# What is expected:
From the records below, transcribe exactly the lines that begin at the line with "SHY CREATION Kate" and end at the line with "Nónhamar 2A - 0403, 221 Hafnarfjörður", both included.

--- START ---

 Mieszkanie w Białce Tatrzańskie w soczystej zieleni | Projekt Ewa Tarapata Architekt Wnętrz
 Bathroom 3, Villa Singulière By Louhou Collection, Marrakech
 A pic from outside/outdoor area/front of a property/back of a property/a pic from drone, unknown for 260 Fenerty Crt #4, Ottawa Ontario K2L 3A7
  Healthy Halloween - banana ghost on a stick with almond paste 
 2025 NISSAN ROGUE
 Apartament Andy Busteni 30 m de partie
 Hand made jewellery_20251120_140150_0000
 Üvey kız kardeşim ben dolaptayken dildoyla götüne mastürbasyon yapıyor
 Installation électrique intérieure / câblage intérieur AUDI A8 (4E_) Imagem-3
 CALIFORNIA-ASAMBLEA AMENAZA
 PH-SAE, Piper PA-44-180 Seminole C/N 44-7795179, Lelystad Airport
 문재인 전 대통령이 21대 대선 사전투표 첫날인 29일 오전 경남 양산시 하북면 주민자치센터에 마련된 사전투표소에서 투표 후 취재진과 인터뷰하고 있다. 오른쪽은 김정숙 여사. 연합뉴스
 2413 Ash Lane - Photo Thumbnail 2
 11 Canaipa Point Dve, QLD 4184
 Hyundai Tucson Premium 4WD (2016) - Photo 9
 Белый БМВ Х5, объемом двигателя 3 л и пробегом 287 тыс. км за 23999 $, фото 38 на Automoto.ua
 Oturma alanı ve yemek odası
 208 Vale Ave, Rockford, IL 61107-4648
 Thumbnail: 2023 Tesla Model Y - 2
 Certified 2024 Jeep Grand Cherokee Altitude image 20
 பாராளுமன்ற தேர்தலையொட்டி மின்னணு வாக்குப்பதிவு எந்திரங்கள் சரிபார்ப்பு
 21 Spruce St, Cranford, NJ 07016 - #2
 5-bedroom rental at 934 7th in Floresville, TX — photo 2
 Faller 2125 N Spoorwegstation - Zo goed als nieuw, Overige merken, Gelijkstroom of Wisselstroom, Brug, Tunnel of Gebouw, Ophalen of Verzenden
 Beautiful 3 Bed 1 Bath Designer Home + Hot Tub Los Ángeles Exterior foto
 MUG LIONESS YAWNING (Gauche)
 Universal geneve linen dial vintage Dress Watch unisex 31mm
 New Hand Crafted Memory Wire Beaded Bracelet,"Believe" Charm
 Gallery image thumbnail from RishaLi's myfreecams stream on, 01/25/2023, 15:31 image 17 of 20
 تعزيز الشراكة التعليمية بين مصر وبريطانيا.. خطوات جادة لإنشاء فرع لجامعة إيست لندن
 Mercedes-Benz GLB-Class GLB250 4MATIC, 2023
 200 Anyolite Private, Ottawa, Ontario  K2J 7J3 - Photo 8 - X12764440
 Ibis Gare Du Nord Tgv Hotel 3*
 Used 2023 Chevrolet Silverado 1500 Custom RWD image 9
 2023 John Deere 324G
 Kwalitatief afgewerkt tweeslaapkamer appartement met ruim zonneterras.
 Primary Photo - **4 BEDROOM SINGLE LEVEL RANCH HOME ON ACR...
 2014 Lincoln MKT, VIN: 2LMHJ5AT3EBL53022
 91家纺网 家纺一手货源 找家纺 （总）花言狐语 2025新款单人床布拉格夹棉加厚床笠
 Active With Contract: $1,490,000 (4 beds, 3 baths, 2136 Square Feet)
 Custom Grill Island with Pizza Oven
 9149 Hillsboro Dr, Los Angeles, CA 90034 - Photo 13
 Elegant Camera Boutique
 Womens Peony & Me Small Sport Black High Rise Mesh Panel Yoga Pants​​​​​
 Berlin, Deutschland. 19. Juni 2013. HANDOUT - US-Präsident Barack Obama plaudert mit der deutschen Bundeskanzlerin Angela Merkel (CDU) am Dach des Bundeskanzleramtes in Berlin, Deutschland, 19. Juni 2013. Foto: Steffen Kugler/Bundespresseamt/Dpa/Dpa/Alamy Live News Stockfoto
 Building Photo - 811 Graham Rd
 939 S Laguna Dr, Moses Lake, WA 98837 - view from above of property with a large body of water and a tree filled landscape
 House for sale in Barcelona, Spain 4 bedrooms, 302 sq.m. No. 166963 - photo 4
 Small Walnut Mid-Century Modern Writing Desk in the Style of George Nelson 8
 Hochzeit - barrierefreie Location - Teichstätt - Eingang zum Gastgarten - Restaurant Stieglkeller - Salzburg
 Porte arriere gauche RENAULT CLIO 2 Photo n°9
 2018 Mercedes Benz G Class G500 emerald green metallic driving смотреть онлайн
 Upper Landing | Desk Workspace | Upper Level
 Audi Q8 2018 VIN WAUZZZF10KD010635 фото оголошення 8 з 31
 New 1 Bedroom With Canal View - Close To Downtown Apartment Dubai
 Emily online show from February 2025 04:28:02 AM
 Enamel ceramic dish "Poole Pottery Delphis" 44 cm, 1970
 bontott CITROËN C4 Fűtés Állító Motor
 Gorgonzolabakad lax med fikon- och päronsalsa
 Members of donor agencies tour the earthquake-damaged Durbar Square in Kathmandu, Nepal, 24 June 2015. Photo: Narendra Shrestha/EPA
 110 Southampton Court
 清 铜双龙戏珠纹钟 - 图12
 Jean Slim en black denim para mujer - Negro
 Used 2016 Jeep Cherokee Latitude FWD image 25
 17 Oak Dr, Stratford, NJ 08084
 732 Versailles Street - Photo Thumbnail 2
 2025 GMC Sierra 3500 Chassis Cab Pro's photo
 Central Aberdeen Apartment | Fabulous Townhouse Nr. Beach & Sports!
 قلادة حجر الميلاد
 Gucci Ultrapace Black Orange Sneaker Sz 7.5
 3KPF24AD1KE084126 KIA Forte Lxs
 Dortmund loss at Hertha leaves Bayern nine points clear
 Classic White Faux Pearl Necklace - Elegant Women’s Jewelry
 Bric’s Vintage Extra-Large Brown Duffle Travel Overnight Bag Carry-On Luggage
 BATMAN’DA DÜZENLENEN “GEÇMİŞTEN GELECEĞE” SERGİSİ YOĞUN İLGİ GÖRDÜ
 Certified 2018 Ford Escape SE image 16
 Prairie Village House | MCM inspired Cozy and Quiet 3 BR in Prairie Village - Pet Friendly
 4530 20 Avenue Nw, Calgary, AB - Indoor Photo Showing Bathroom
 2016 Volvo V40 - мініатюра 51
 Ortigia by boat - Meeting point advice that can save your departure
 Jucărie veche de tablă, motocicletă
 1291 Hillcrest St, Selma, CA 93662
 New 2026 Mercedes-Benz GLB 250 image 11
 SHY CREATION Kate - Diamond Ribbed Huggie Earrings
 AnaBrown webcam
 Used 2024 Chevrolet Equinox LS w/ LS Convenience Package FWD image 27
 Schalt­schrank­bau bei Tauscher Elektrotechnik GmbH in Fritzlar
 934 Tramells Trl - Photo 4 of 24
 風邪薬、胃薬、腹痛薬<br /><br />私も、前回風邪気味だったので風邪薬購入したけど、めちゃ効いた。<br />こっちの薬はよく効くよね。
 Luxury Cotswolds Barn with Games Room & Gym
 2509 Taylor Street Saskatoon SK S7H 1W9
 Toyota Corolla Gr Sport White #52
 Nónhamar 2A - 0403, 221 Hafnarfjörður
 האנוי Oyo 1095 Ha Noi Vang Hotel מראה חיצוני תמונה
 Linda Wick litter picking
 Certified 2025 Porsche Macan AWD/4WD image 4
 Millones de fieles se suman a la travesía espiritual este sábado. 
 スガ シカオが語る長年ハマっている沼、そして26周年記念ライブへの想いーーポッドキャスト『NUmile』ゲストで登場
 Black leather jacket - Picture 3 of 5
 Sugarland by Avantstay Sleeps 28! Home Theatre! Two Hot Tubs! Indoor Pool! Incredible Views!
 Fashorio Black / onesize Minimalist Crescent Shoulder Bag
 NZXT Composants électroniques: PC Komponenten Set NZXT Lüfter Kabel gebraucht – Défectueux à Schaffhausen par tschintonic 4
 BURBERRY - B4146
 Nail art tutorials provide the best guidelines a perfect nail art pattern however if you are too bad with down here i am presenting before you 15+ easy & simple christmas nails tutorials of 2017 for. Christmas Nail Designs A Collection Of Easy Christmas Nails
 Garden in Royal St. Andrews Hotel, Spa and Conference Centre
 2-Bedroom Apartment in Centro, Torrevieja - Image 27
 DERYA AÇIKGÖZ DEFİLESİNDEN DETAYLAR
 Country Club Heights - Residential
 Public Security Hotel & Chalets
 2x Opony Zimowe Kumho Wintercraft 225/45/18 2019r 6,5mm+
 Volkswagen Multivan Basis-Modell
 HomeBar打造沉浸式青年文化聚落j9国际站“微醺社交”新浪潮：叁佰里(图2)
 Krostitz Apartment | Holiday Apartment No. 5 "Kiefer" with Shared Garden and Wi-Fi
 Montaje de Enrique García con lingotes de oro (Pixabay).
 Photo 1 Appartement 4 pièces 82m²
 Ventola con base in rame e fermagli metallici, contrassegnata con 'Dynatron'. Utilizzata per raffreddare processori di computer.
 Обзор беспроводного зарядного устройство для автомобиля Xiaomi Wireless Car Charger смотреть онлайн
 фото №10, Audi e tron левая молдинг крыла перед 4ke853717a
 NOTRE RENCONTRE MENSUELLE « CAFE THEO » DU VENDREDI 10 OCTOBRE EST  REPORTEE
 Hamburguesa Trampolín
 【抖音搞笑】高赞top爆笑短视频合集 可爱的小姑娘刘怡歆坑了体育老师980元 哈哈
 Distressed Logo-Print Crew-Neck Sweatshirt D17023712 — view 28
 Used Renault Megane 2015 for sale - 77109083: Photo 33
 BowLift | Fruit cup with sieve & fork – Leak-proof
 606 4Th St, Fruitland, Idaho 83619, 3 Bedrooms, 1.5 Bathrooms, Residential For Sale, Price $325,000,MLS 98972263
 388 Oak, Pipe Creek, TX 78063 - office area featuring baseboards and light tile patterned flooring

--- END ---

# Answer to the problem:
 SHY CREATION Kate - Diamond Ribbed Huggie Earrings
 AnaBrown webcam
 Used 2024 Chevrolet Equinox LS w/ LS Convenience Package FWD image 27
 Schalt­schrank­bau bei Tauscher Elektrotechnik GmbH in Fritzlar
 934 Tramells Trl - Photo 4 of 24
 風邪薬、胃薬、腹痛薬<br /><br />私も、前回風邪気味だったので風邪薬購入したけど、めちゃ効いた。<br />こっちの薬はよく効くよね。
 Luxury Cotswolds Barn with Games Room & Gym
 2509 Taylor Street Saskatoon SK S7H 1W9
 Toyota Corolla Gr Sport White #52
 Nónhamar 2A - 0403, 221 Hafnarfjörður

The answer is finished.